SA’s shocking literacy stats

File photo: Experts have blamed poor litercay levels on pupils being taught to "parrot" rather than read independently.

File photo: Experts have blamed poor litercay levels on pupils being taught to "parrot" rather than read independently.

Published Oct 22, 2013


Durban - The literacy level of South African Grade 5 pupils is a “national catastrophe”.

The consequence of pupils being taught to “parrot” rather than read independently was that, after five years of school, 13 percent of Grade 5s (11-year-olds) were illiterate and most were able to score no more than four out of 20 on a comprehension exercise, new data from the national education evaluation and development unit, has revealed.

Speaking in Durban on Monday, Nick Taylor, the head of the unit which reports directly to Basic Education Minister Angie Motshekga, said that, from the classroom research conducted in urban and rural areas, it had become “quite clear that most of our teachers can’t teach reading”.

This was despite several years and billions of rand worth of teacher training later.
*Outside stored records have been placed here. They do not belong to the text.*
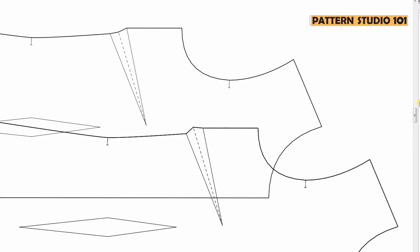See, even if you have the same dart, depending on which direction you fold the dart, the dart shapes are different. It's just a little thing for pattern making but it's really useful if you know how to draft darts properly.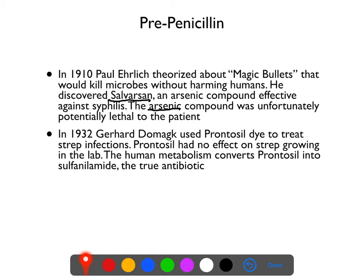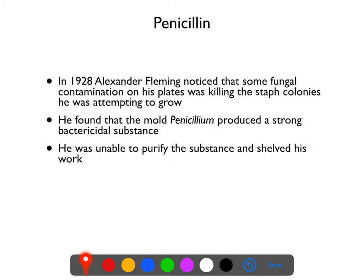So Gerhard Domagk was very, very close, but did not have a true antibiotic. We'll actually go back a little bit in time from Prontosil to Alexander Fleming, the person who gets the credit for discovering penicillin — though in a moment I'll explain why he might get too much credit for it.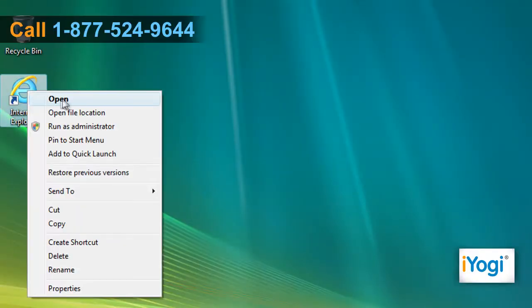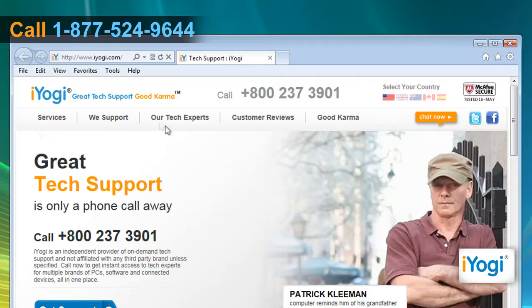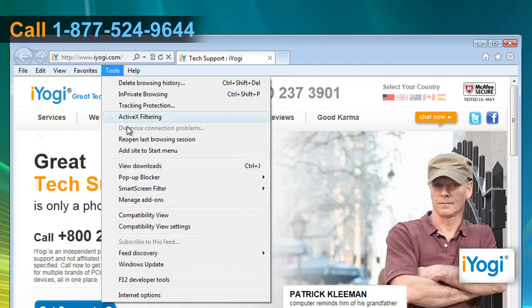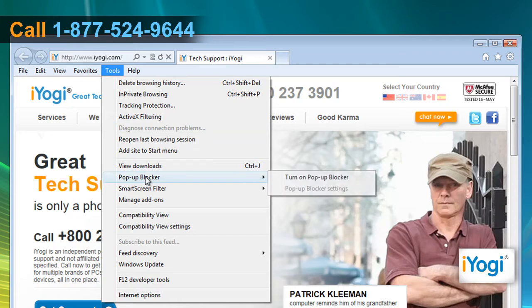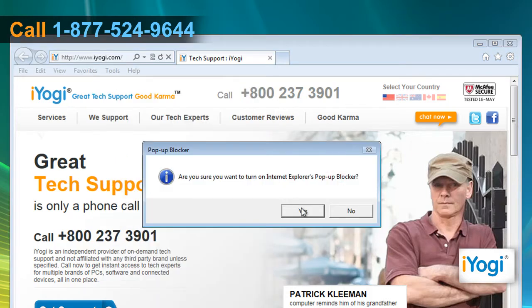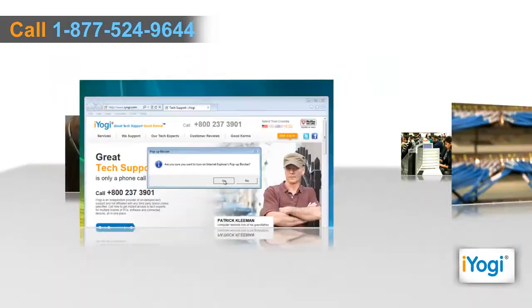Open Internet Explorer 9. Click on the Tools menu, point to Pop-up Blocker, and then select the Turn on Pop-up Blocker option. Click Yes on the pop-up window.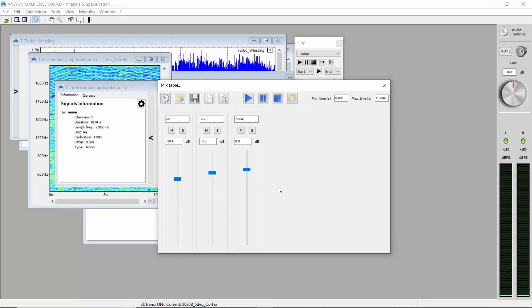Let's create a different configuration by setting precisely the level of each channel. What if we have minus 3 dB on the first whining and minus 6 dB on the second one?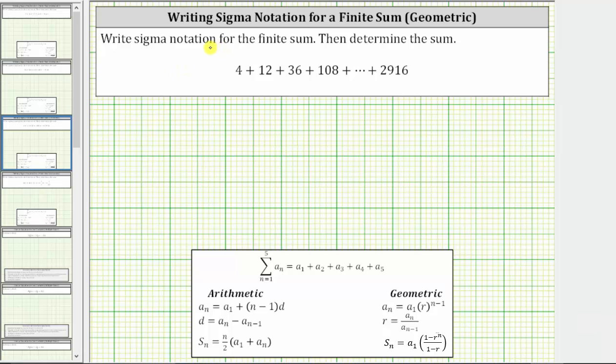Write sigma notation or summation notation for the finite sum, then determine the sum.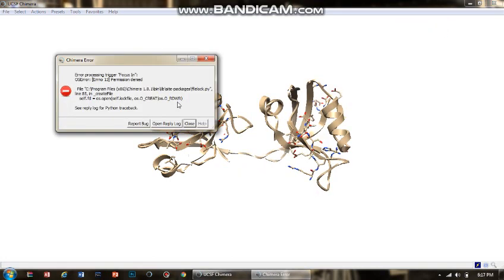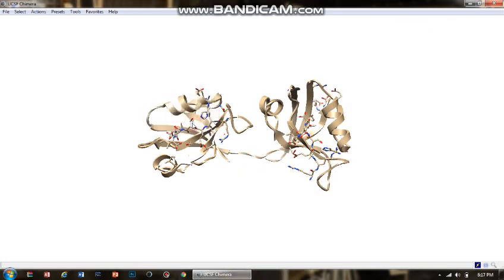Today I am going to talk about how you can view your macromolecule in different ribbon representations. There are three types: rounded ribbon representation, flat ribbon representation, and edge ribbon representation.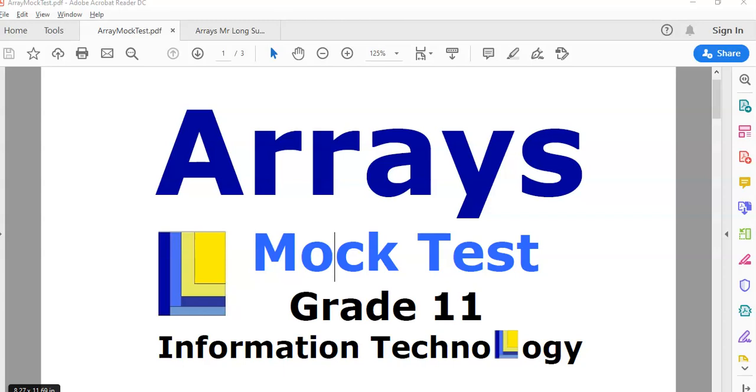We are doing an arrays mock test for grade 11 IT. In the previous video we did question one, this is going to be for question two. So let's get into it.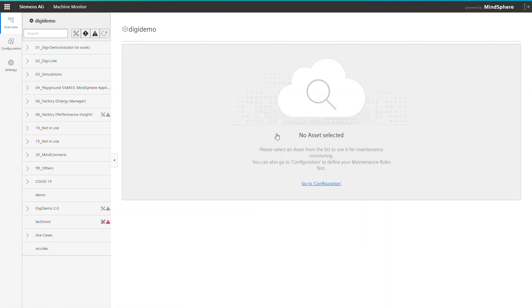The welcome screen contains the asset structure of all your connected machines like already known from other MindSphere apps like Performance Insight or Energy Manager, just to name a few.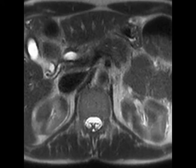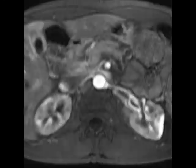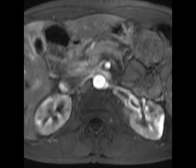Autoimmune pancreatitis. Here's a pretty unusual case, but one that illustrates an imaging point that people often don't appreciate. This patient has autoimmune pancreatitis, and notice that the pancreas is enlarged and edematous, with this thin hypodense halo on the CT images.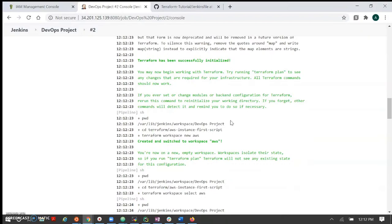Terraform apply command has started — it will create the new instance in AWS. We can go to the EC2 section to validate whether the instance was created. One new instance is created and is initializing. The first instance is my Jenkins instance. Let me rename it. So this is my Jenkins running, and this new one is the instance we created. It's a successful instance created, and the TF state file is also there.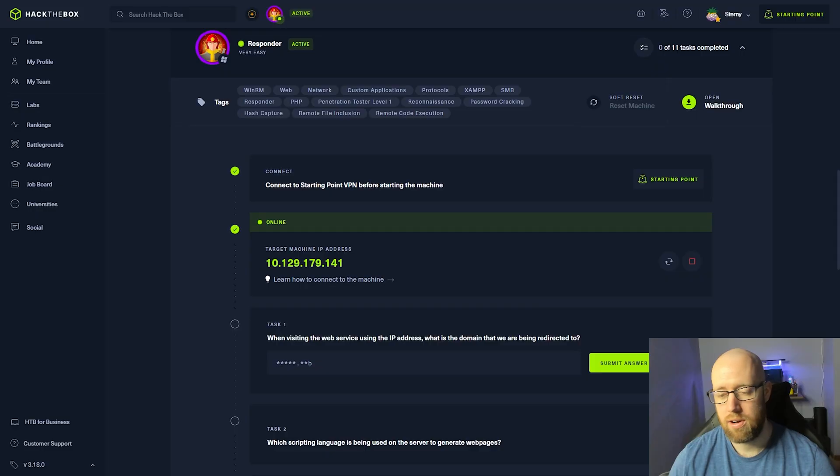Hey everybody, how's it going? This is Kyle with Bricto Security. We're continuing on the Hack The Box starting point series with the Responder box. Let's get going. I already got a box up and running here.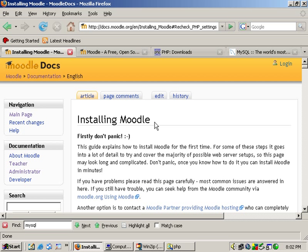Welcome back and this is the second part of the tutorial on installing Moodle. The last time we set up our folders and set permissions and we also set up IIS.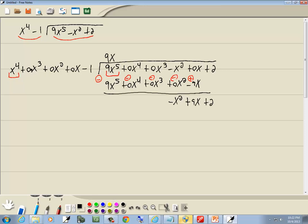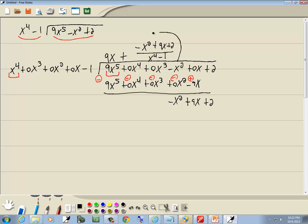Now, what we're dividing by has a degree of 4 — degree is the largest power of x. This remainder has a degree of 2. When this has a degree less than what you're dividing by, then this is always your remainder. So we're going to take negative x squared plus 9x plus 2, and put it over what we're dividing by, which is x to the 4th minus 1. And that's our answer.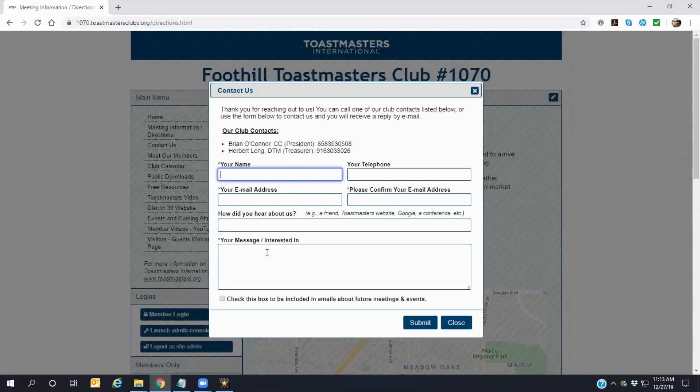Finally, if you want to be included in emails about future meetings and events being held at our club, check the box at the bottom left of the form.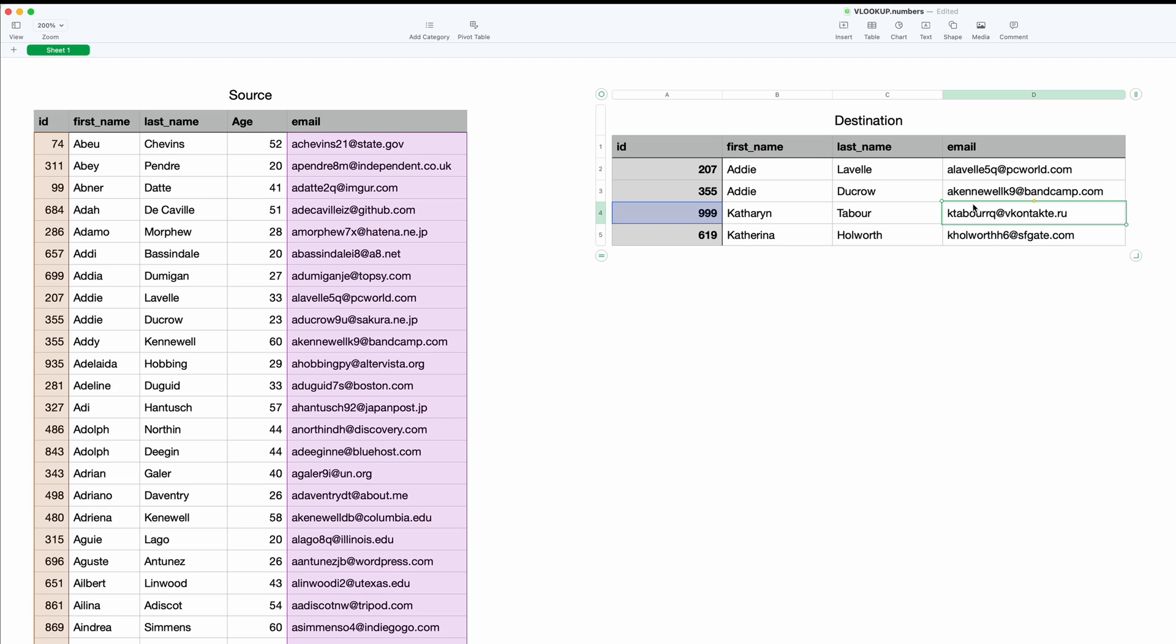Another superpower that Apple Numbers has is the pivot table. In this next video, we will show you how to create a pivot table to summarize all of that data. Thanks for watching.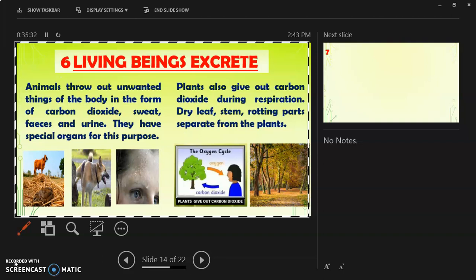Animals have special organs for excretion, but plants lack such organs. Plants produce two gaseous waste products: oxygen during photosynthesis and carbon dioxide during respiration. Other than gaseous waste, metabolism in plants also generates organic byproducts such as gum, oil, latex, and resins, which are stored in plant parts like barks, stems, and leaves. Eventually, plants shed off these parts.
Earlier this year, Taylor’s unit released the first national evaluation of how pupils in grades 1, 2 and 3 (the foundation phase) in urban schools were taught, marking a shift off the emphasis on Grade 12.

The upshot of the report was that pupils were not taught to solve numeracy problems or read independently because most teachers did not know how to teach these skills.

This year the unit has extended its work to later grades, focusing on reading in rural schools. Its final report will be handed to Motshekga early next year.

“As far as I’m concerned this is a national catastrophe,” Taylor told a meeting of the National Professional Teachers’ Organisation of South Africa (Naptosa), at which he was the guest speaker, and which was attended by principals, school governing body members and politicians.

Taylor said it was “deeply disturbing” that in the classrooms visited by the unit this year, just 5 percent of Grade 5 pupils could read at the required rate of 80 to 90 words a minute.

In the urban Grade 2 classrooms the unit studied last year, it found that while the average eight-year-old was meant to be reading 58 words a minute by the end of the second term, and 71 words a minute by the end of the fourth term, this was not the case.

Instead, when the reading fluency of the top three pupils in each class was observed, researchers found that most were reading between 20 and 29 words a minute.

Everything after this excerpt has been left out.